§ Exercise aim:
Emit a verbatim copy of the lines below from the line with "186 - 9ct GOLD" through the line with "6825 Terrace Court", excluding pictures and everything outside that range.
**** Dataset content
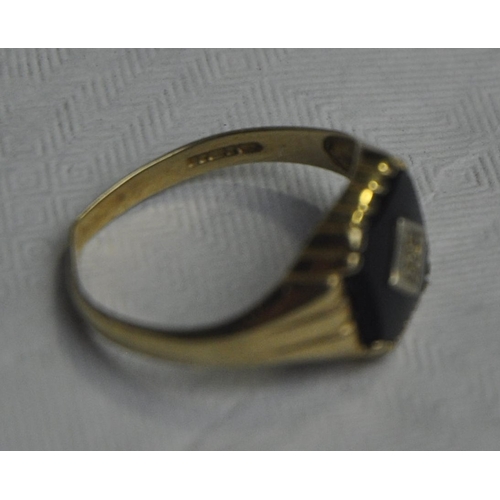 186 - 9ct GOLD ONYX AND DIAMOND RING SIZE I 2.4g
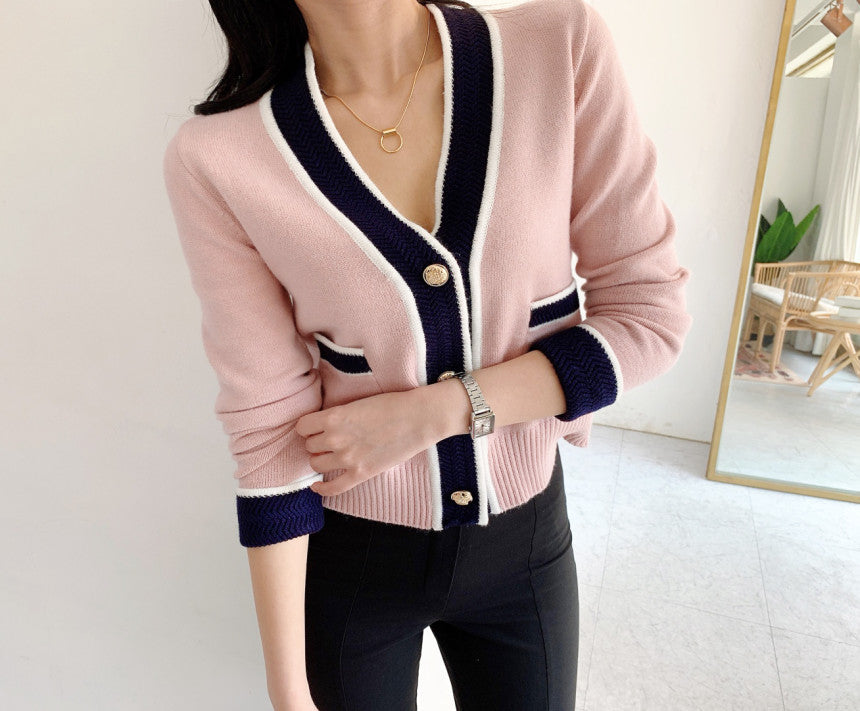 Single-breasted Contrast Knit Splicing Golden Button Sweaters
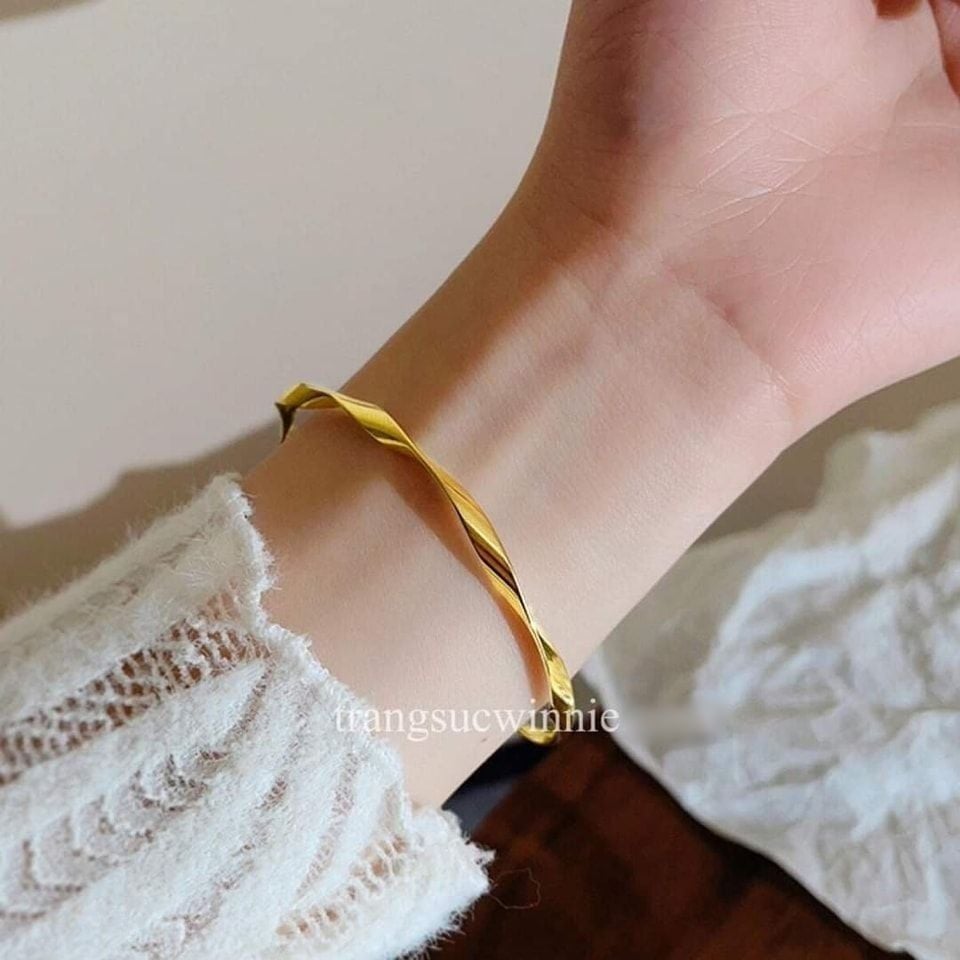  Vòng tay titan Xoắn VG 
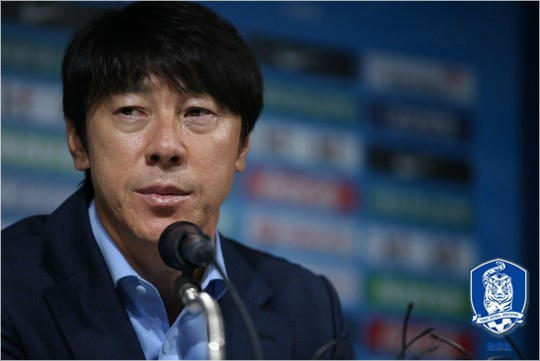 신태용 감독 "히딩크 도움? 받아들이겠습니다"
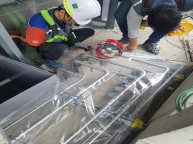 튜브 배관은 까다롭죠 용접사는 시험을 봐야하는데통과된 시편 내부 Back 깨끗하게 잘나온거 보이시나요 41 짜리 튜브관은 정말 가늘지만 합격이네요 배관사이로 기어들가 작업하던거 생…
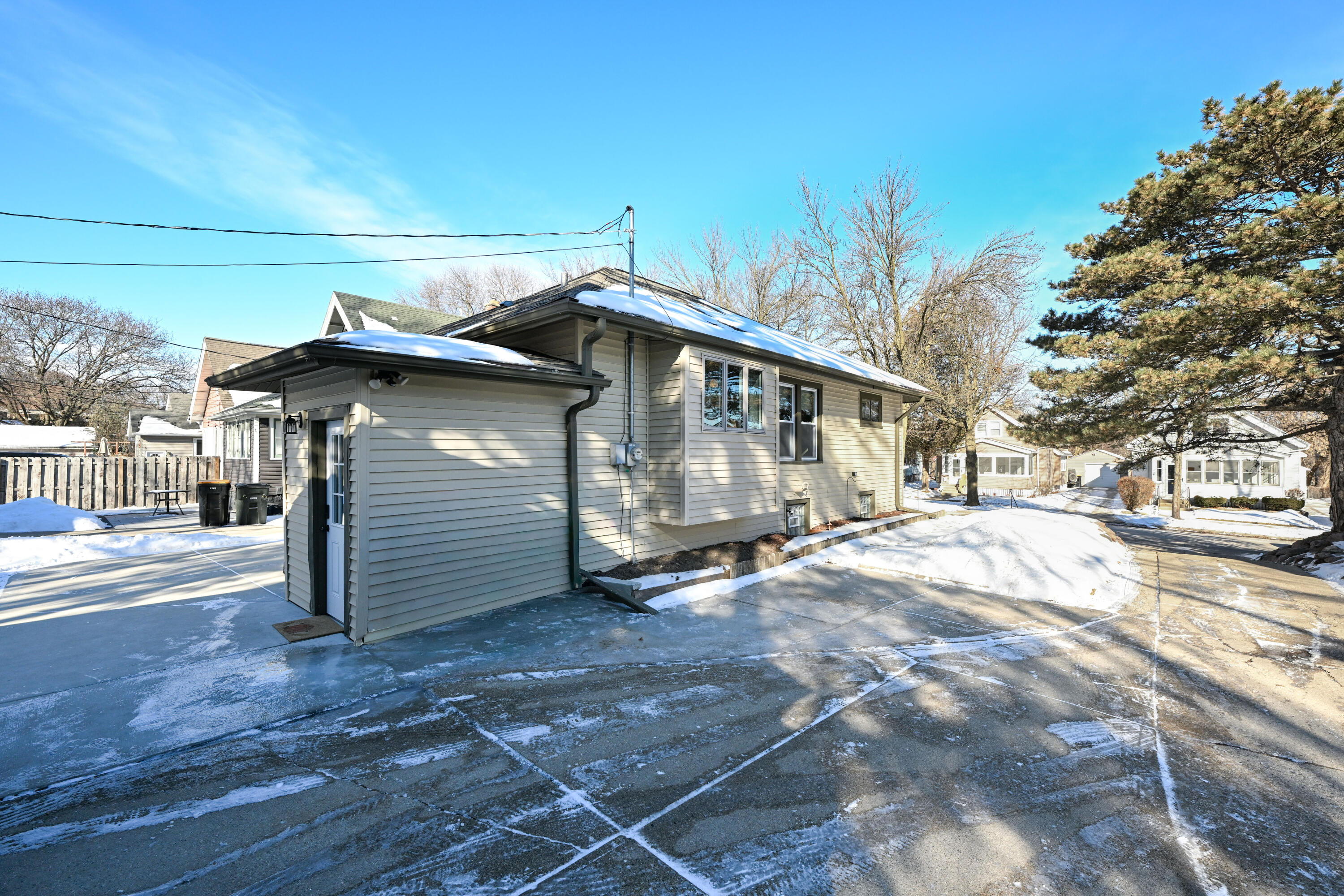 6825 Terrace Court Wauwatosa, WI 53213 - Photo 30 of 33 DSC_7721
********
**** Dataset content
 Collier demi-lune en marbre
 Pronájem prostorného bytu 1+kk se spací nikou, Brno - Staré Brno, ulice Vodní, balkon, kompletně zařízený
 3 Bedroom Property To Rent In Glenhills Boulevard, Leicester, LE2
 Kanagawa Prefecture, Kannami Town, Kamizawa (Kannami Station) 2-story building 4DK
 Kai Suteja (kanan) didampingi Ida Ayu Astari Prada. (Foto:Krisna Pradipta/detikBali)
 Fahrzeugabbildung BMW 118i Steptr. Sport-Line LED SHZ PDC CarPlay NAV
********
§ Exercise result:
 186 - 9ct GOLD ONYX AND DIAMOND RING SIZE I 2.4g
 Single-breasted Contrast Knit Splicing Golden Button Sweaters
  Vòng tay titan Xoắn VG 
 신태용 감독 "히딩크 도움? 받아들이겠습니다"
 튜브 배관은 까다롭죠 용접사는 시험을 봐야하는데통과된 시편 내부 Back 깨끗하게 잘나온거 보이시나요 41 짜리 튜브관은 정말 가늘지만 합격이네요 배관사이로 기어들가 작업하던거 생…
 6825 Terrace Court Wauwatosa, WI 53213 - Photo 30 of 33 DSC_7721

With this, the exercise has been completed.